# Iron Filters - How to Manage Backflush



## Traderyoda (Aug 7, 2012)

This one's a little different challenge.....

A new waterfront house with a 4' crawlspace on a well with public sewer needs an iron filter installed. The house has good water, but with a fairly high iron level that causing other problems. The iron filter will be a Filox chemical free system that removes iron and other elements through a media bed. The system requires a significant amount of daily backflush (12-15 gpm for 15 minutes) to purge the iron from the bed. The question is what to do with the backflush water.

Because the house is on the water and flooding is something that has to be considered it's a bad idea to leave an open pipe that leads back to a potable water supply; code certainly doesn't allow it. The water can't get dumped outside because it will build up a stain, kill grass, etc.; and dumping it down the condensate line doesn't work because that line leads to a small french drain. So the solution provided by the manufacturer is to dump the backflush into the sewer line and use an air gap to prevent contamination. The problem with that idea is the local code doesn't allow ANY opening in the crawl space to or from a sewer; so air gaps won't work.

There's an added complication... the local county annually jets the sewer. They seem to be a little aggressive with the jetting because last time it actually pushed water and sewage out of a second floor toilet... much to the chagrin of the homeowners.

I haven't been able to find anyone who's tackled something like this before. My plan is go ahead and dump the backfliush into the sewer and isolate the iron filter using two devices. First, a backwater valve in the house's 4" PVC main drain to check any flow from the sewer into the house drain (the drain line runs through most of the crawlspace and is easy to get to). Then a 3/4" double checkvalve backflow preventer in the backflush line. I plan to "t" in the backflush line immediately upstream of the backwater valve since these devices have a weakness in that solids tend to build up and stop the flapper valve from seating properly; I'm hoping I can use the daily flushing from the iron filter to help keep this device clean so it works when it needs to. I would also put a P-trap in the backflush line as an extra precaution.

I'm hoping these precautions will keep the system sealed, provide a means of properly dumping the iron laden backflush water, and get the side benefit of helping to keep the main drain nice and clean.

Before heading down this path I've learned to ask you folks first. Hopefully someone out there's done something like this before and knows some tricks.

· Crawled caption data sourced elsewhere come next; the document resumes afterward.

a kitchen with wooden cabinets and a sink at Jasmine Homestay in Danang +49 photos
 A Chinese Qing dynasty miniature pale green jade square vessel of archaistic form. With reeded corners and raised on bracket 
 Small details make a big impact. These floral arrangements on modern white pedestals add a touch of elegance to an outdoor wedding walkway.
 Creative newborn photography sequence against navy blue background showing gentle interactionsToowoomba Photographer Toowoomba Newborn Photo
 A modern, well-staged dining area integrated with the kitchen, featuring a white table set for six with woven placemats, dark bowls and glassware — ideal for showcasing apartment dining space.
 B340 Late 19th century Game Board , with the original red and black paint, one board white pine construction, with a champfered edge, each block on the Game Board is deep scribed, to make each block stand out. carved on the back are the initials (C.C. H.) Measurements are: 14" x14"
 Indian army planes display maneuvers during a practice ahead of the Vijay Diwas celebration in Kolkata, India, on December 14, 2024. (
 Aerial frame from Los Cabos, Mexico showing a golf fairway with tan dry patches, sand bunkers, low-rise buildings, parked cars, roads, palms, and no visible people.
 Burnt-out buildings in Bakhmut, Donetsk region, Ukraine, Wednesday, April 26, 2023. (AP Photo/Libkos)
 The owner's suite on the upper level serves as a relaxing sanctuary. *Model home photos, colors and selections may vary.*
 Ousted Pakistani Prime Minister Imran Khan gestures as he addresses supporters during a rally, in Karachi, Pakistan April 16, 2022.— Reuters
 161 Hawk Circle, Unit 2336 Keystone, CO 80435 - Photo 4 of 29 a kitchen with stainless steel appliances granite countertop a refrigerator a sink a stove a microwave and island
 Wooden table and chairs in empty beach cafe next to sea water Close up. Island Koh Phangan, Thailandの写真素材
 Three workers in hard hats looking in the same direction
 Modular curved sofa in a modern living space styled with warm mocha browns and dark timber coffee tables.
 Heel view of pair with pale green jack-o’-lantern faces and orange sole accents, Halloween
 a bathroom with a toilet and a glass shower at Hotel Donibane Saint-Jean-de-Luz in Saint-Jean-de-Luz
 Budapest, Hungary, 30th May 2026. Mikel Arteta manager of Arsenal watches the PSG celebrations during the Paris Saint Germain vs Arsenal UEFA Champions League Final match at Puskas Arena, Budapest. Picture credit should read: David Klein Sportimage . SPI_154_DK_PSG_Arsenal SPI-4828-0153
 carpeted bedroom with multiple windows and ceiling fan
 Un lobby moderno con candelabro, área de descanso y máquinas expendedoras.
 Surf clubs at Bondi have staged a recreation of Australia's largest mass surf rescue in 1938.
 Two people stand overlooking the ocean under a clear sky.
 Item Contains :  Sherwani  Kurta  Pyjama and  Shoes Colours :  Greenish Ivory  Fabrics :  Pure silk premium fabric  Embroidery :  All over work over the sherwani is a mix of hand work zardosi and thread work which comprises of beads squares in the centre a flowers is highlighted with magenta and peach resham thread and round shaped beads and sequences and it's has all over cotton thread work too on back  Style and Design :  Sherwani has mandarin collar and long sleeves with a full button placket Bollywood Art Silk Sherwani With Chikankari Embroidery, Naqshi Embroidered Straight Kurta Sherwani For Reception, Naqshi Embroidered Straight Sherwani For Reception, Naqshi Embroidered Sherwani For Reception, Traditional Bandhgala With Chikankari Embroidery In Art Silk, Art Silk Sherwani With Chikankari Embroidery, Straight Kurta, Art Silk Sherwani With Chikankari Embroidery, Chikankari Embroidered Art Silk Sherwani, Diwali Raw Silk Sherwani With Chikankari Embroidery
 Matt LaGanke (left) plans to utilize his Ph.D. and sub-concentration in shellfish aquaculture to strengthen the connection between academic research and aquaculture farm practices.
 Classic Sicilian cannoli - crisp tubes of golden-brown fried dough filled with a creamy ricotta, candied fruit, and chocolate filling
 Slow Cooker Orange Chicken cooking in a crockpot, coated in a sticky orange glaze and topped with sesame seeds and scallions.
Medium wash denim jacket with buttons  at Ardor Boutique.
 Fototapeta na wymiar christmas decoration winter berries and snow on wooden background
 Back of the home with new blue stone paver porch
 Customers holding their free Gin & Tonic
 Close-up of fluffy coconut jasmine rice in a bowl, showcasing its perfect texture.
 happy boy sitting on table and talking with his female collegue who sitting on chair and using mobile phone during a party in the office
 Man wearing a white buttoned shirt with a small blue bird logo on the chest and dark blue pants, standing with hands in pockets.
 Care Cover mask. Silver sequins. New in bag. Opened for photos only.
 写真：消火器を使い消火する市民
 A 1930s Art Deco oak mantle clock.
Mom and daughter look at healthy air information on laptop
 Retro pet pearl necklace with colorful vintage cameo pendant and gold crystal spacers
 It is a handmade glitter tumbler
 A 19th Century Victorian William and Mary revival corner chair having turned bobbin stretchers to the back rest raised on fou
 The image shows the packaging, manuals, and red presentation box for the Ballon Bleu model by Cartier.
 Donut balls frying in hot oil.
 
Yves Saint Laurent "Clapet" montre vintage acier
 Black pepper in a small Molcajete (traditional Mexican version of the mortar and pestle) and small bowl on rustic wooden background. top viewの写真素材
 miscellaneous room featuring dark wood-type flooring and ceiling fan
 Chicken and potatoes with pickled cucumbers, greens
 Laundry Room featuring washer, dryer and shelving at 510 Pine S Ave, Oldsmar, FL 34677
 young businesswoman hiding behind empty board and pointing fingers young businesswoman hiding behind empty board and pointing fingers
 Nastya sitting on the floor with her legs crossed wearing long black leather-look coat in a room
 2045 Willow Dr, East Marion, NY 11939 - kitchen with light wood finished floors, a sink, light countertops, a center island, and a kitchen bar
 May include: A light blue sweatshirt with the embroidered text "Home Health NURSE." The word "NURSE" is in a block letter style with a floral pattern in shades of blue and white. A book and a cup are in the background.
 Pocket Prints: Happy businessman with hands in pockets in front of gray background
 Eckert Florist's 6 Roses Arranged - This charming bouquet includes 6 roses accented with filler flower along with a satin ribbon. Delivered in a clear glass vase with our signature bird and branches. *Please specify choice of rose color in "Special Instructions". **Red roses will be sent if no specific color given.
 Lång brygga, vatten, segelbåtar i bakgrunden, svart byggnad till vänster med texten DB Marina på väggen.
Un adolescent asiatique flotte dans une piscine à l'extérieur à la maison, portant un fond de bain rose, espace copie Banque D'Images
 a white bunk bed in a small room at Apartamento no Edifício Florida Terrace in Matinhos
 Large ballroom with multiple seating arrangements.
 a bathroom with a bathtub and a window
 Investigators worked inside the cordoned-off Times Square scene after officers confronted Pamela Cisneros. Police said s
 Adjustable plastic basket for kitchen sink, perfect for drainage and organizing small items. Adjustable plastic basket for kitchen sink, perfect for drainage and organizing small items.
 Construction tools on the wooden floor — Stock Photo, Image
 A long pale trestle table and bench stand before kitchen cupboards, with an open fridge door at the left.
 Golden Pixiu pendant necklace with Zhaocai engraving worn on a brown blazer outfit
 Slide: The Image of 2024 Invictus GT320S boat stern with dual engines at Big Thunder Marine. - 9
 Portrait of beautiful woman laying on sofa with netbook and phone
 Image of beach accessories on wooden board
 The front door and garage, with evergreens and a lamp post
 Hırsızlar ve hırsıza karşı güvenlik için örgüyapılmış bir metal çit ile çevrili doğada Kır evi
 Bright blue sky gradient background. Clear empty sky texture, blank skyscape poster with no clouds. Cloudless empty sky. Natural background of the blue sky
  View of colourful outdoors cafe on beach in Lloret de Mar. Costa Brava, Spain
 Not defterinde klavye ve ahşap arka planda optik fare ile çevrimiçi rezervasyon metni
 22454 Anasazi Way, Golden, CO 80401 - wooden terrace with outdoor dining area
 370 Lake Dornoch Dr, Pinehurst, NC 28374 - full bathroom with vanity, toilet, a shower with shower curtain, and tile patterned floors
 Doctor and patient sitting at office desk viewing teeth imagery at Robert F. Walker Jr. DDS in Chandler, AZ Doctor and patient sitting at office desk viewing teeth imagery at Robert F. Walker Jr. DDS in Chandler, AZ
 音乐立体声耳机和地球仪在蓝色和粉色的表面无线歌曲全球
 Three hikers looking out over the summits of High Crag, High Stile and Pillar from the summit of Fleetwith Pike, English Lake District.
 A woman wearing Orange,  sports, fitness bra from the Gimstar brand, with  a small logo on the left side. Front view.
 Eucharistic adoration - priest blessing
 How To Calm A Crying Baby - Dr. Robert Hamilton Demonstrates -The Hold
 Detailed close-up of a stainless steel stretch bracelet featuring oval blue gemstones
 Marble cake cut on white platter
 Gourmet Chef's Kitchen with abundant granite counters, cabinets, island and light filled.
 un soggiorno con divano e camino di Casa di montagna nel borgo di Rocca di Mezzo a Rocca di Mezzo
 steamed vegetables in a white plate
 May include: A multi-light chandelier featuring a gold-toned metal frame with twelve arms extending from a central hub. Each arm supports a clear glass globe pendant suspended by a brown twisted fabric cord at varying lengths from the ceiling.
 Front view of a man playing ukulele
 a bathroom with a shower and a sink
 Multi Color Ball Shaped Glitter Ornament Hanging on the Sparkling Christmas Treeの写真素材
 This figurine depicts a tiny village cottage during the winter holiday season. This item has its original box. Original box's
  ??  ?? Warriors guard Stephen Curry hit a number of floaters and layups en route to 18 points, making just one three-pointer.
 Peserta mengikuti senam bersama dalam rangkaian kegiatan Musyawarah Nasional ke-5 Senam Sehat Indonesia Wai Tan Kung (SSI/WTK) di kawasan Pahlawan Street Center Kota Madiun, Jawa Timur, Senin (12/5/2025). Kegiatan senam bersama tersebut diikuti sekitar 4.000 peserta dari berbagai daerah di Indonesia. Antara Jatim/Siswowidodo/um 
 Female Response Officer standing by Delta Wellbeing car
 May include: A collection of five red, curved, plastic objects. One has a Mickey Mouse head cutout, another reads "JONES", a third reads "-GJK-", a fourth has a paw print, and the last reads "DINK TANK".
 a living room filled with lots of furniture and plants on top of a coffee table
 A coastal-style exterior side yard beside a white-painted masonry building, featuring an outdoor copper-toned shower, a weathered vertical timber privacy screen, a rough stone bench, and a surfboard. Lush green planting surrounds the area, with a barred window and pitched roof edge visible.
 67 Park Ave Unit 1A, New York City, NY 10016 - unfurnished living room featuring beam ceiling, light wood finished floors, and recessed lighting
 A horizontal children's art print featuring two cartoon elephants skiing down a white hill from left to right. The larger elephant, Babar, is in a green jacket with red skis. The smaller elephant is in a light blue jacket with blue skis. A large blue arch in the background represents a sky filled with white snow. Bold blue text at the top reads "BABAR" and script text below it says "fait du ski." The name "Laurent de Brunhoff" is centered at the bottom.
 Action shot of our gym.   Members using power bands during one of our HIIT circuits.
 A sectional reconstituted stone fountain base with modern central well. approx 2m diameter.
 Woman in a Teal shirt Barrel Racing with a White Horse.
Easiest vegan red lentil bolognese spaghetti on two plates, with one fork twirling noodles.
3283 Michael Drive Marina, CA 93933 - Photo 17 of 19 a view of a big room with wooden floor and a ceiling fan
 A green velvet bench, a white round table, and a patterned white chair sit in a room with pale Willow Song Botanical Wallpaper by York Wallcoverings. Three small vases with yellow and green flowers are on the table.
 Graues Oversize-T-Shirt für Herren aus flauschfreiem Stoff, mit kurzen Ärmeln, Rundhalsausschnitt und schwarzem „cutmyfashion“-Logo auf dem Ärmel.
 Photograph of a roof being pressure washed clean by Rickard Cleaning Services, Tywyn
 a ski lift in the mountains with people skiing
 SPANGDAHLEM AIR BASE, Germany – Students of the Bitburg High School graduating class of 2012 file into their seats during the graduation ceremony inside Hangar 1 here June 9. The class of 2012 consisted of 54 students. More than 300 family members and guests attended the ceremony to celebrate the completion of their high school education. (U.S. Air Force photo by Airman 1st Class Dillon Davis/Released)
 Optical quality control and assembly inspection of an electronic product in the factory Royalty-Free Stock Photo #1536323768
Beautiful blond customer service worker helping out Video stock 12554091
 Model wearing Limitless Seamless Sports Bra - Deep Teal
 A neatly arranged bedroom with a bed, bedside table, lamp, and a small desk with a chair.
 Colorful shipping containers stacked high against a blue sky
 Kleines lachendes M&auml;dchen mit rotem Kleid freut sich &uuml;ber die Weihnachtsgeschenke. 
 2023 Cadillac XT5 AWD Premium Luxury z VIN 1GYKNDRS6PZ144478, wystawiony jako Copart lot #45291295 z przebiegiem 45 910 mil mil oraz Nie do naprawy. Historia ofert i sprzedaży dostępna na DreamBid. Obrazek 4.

I'm really anxious to hear your thoughts.

Cheers
TY


----------



## AlbacoreShuffle (Aug 28, 2011)

Can you run the backflush to the laundry drain ?
If you can you could get an air gap and it should meet code.
We run softener drains to the laundry all the time.


----------



## Traderyoda (Aug 7, 2012)

AlbacoreShuffle - very tough - laundry's on the second floor and the house is insulated with foam insulation. The crawlspace has about 10 inches of foam everywhere... it looks like an igloo. Getting a line that far would be virtually impossible.


----------



## AlbacoreShuffle (Aug 28, 2011)

Traderyoda said:


> AlbacoreShuffle - very tough - laundry's on the second floor and the house is insulated with foam insulation. The crawlspace has about 10 inches of foam everywhere... it looks like an igloo. Getting a line that far would be virtually impossible.


Can you install a trapped drain on the first floor and run it to that ?


----------



## rjbphd (Feb 5, 2010)

I'd the unit in the closet and install sound proofing door for access to the unit... sure, u'll lose some space, but hell who designed this home that gonna have 'perfect' water... when I'm shown a drawing for new homes, I pushed for larger and more practical mech room over those freakin oversized hot tub that they rarely used after 6 months.


----------



## Mississippiplum (Sep 30, 2011)

How digging a dry well outside and terminating the backwash drain into that?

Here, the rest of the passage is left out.